16. Drink Ginger Tea:
Hot ginger tea can make you feel warm inside on a cold day. Ginger is known to be good for digestive health and can stimulate thermogenesis. It’s also a diaphoretic, which means it will help your body warm from the inside out. Keeping you warm is only one of the many health benefits of drinking ginger tea.
17. Eat Sweet Potatoes:
Sweet potatoes and other root vegetables need more energy to move through the digestion process, which raises your body temperature. High in vitamin A, vitamin C and potassium, sweet potatoes can add fiber and other nutrients to a warm winter meal.
18. Eat Butternut Squash:
Butternut squash are a nutritious way to warm up on a chilly day. This fall food is packed with antioxidants, vitamins, minerals and other key nutrients. High levels of vitamin C and potassium offer a boost to your immune system and dietary fiber helps keep your digestive system healthy.
19. Drink Water:
A simple way to help your body stay warm this winter is to drink water. Water keeps your body functioning at its best and helps regulate your internal temperature.
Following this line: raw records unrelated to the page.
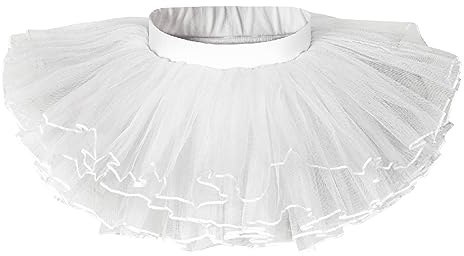 1 Stück 4-Lagiger Tutu-Rock Tüll-Tutus Für Mädchen Tüll Flauschiger Ballettrock Baby-Kleinkind-Tutus (Weiß)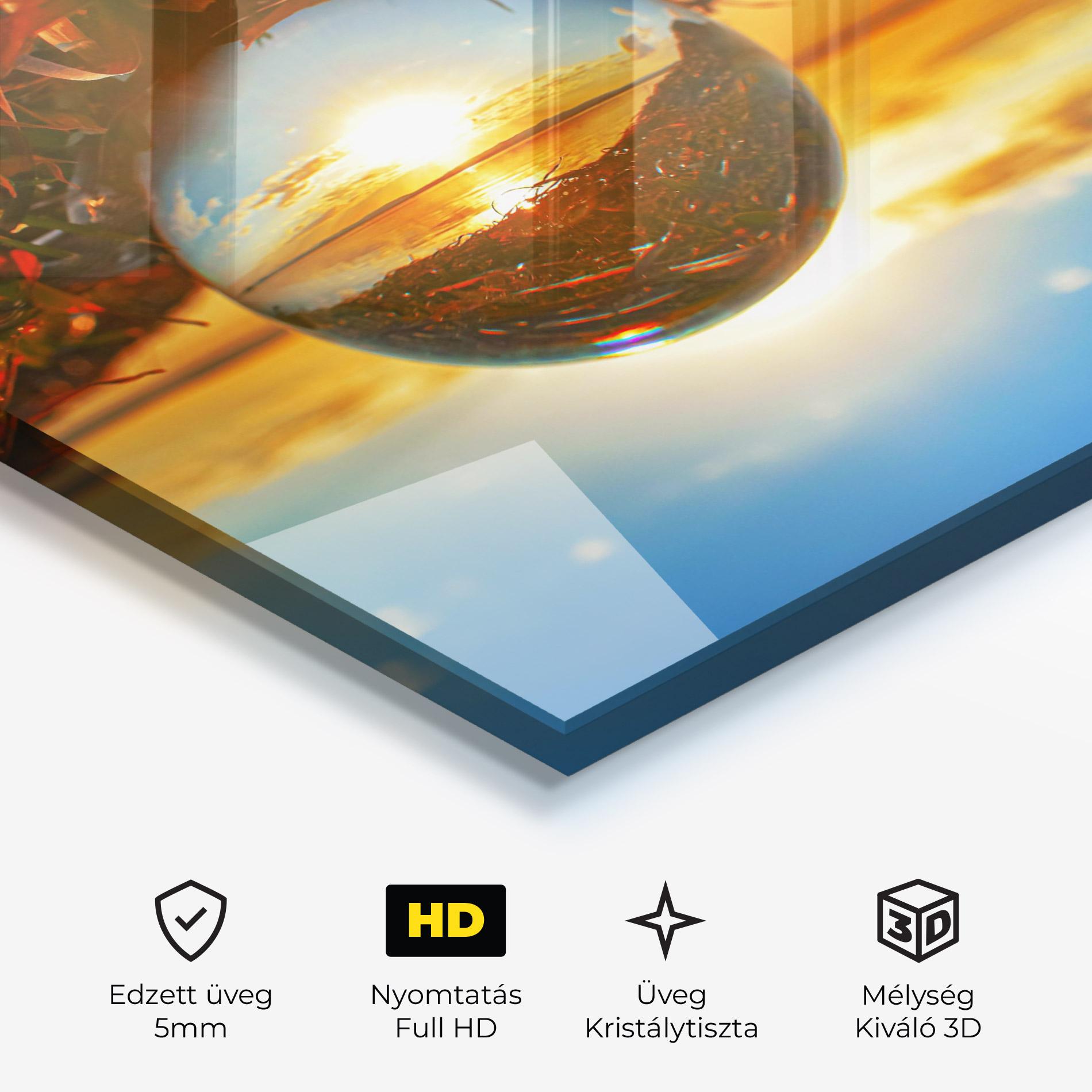Üvegkép Creative Crystal Ball mockup 3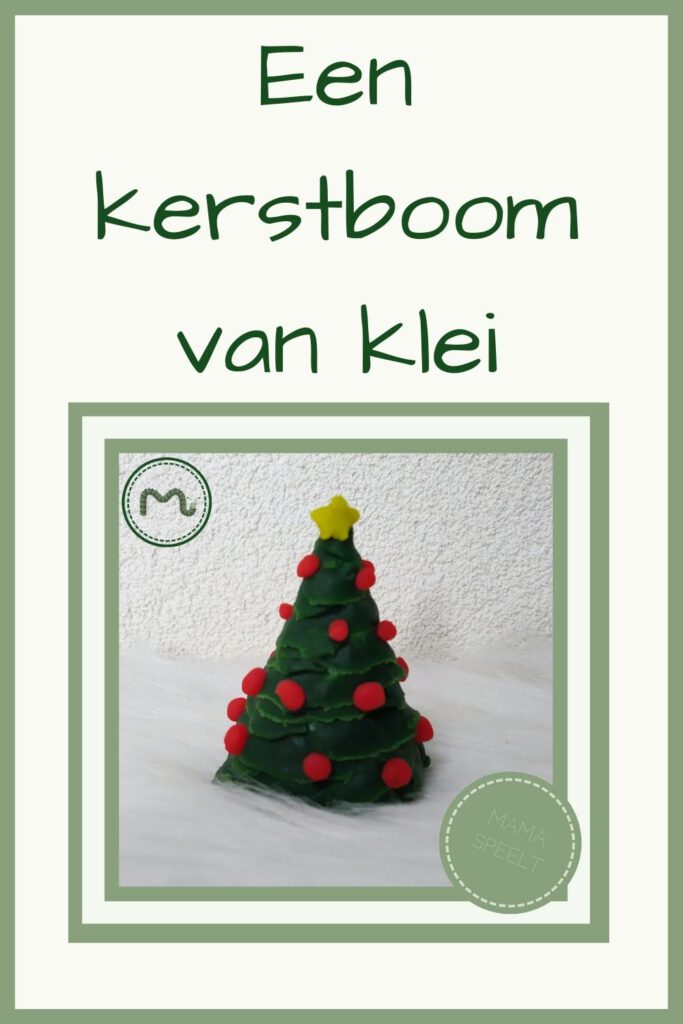 Pinterest - Een kerstboom van klei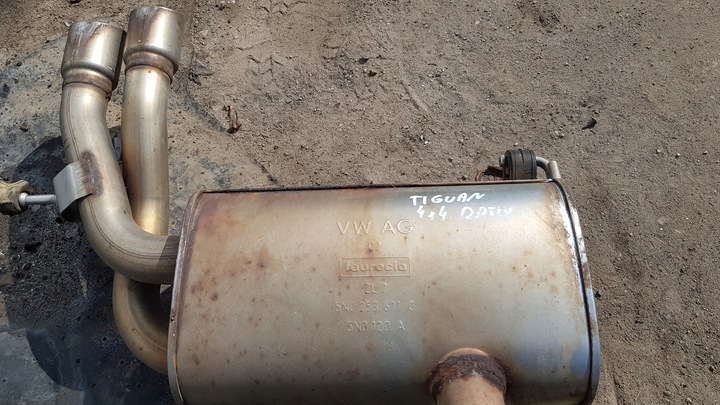 фото №6, Глушитель vw tiguan 2.0 tdi 4x4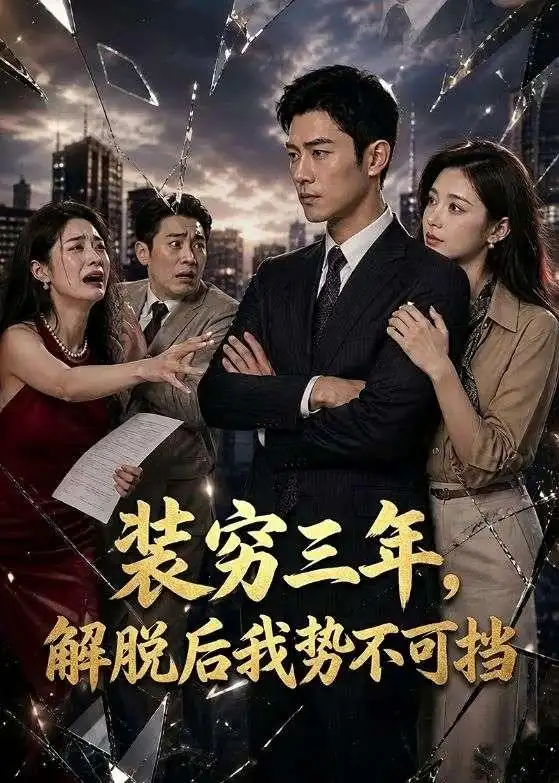 《装穷三年，解脱后我势不可挡（55集）AI短剧（夸克网盘）》短剧封面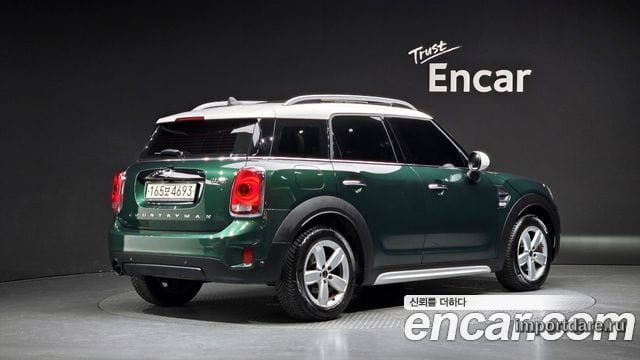 MINI COOPER COUNTRYMAN 2019 — 113 398 км, тёмно-зелёный, Корея — под ключ — фото 1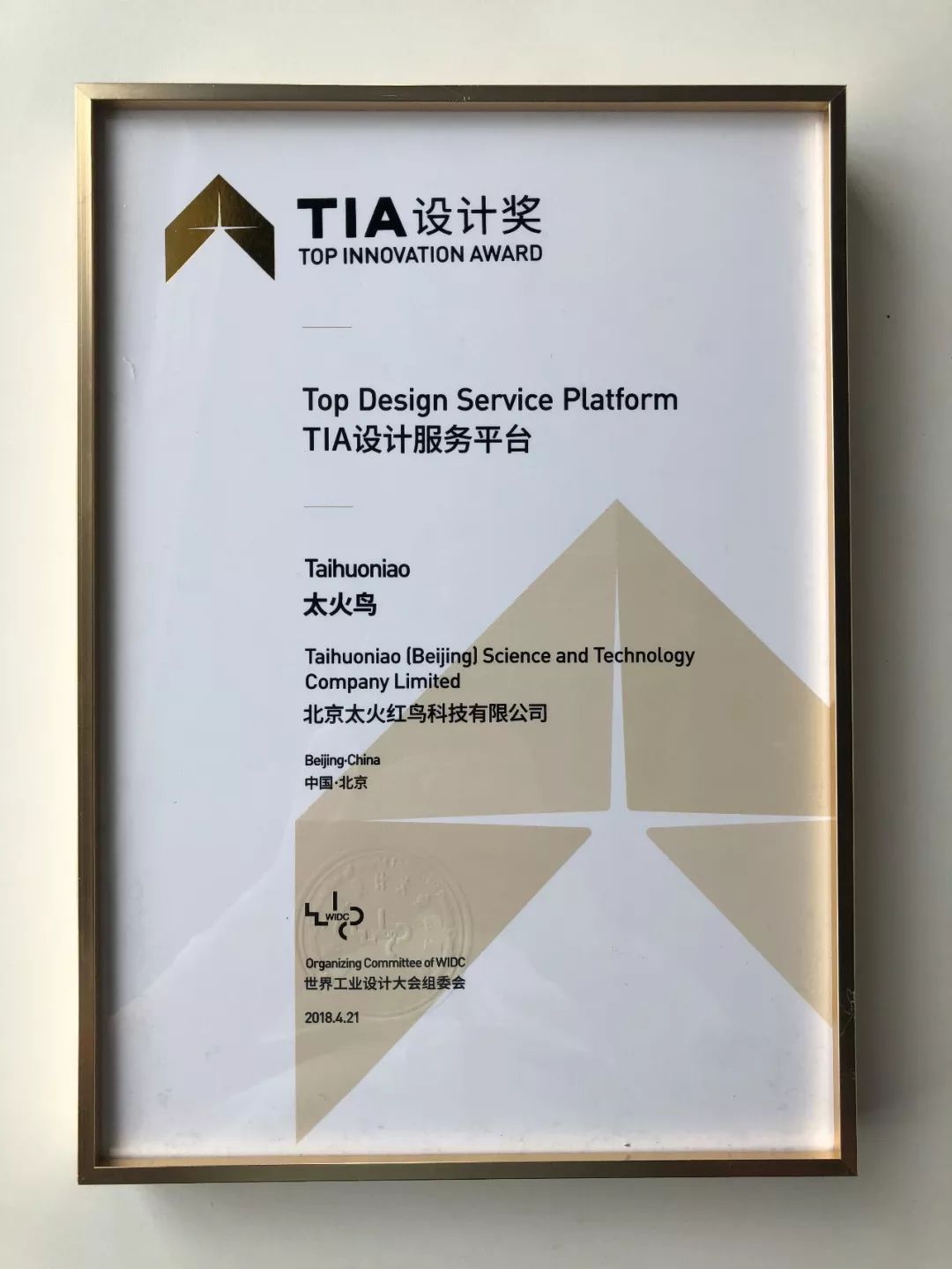 TIA 設計服務平台獎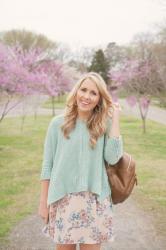 Repeat Offender: Spring Sweater & Floral Dress
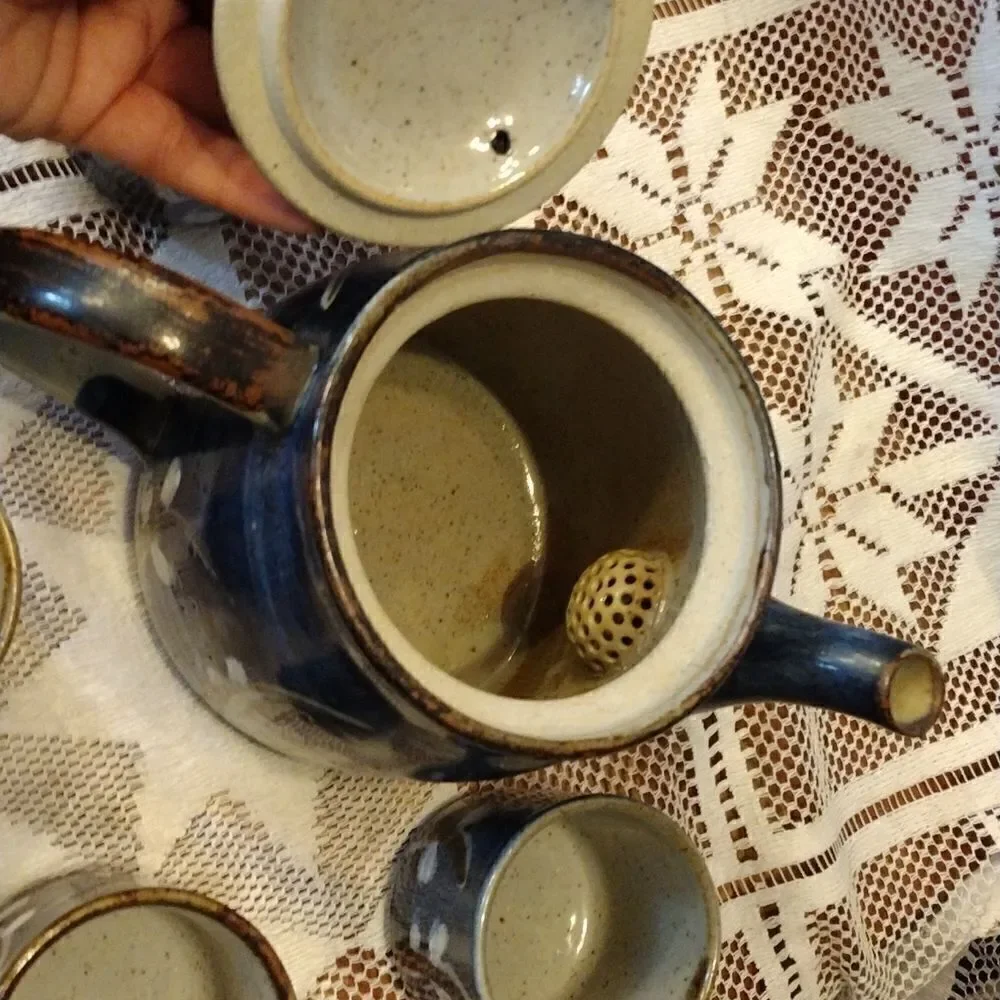Vintage Japanese earthenware tea set
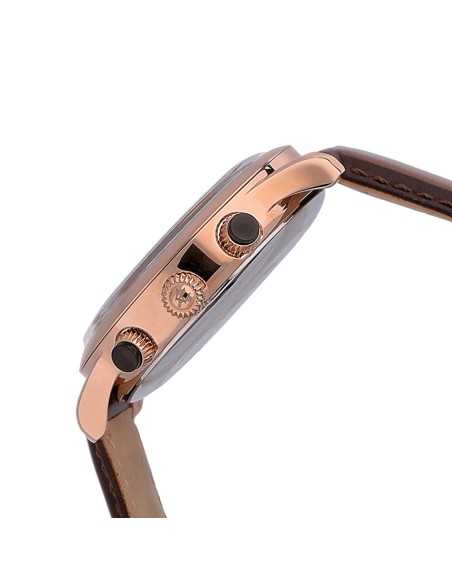 Orologio MASERATI uomo Ricordo cronografo pelle marrone / oro rosa
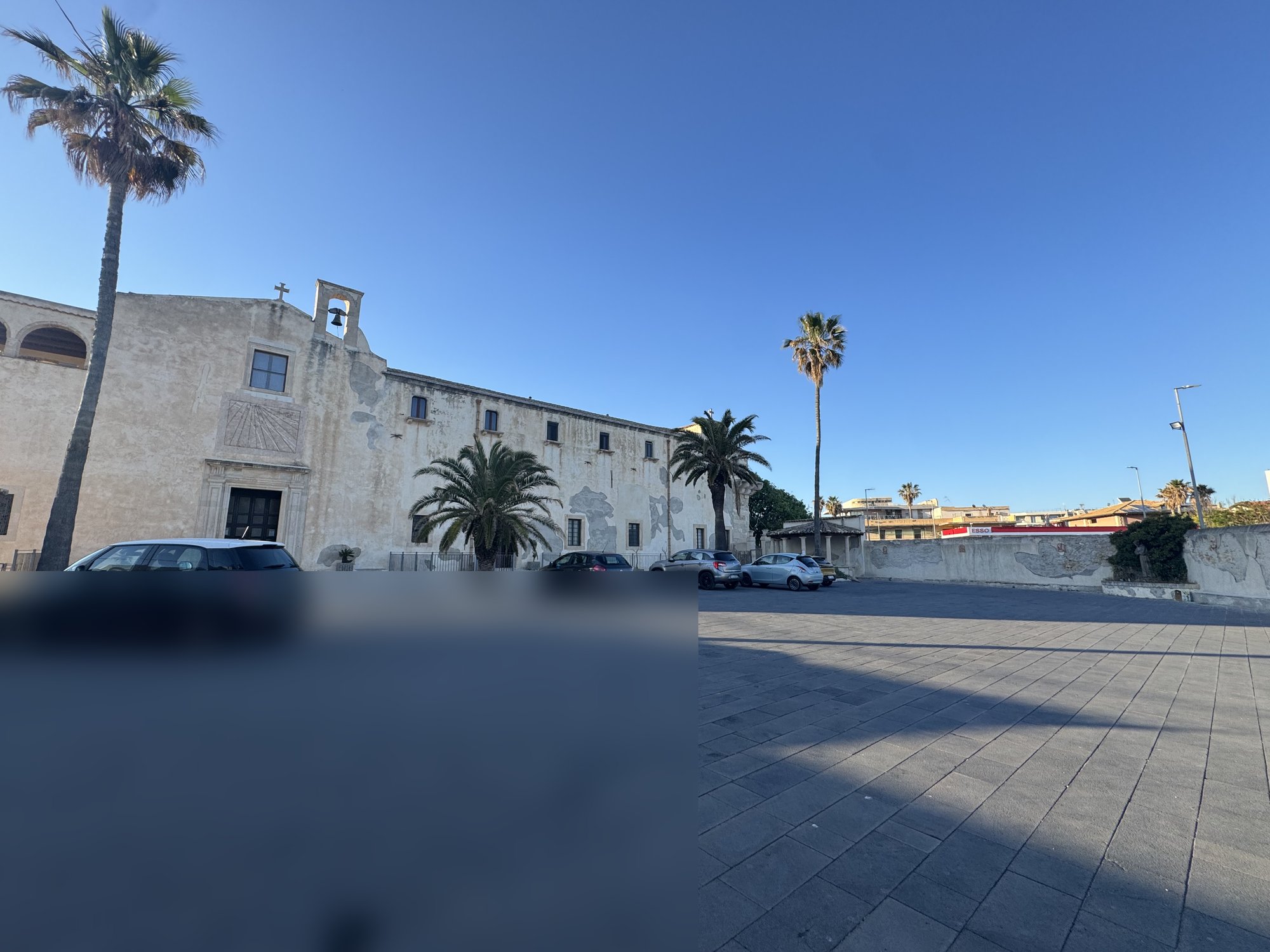 Veduta d'insieme della piazza Cappuccini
Dehydration causes your core temperature to drop, which may lead to hypothermia. People are less likely to drink water when it’s cold outside because they feel less thirsty.
The last words
“Healthy Food That Keeps You Warm”. You can have a combination of all the above mentioned foods in adequate quantities in your diet during this season.Moderation is a key. Eat well, eat warm.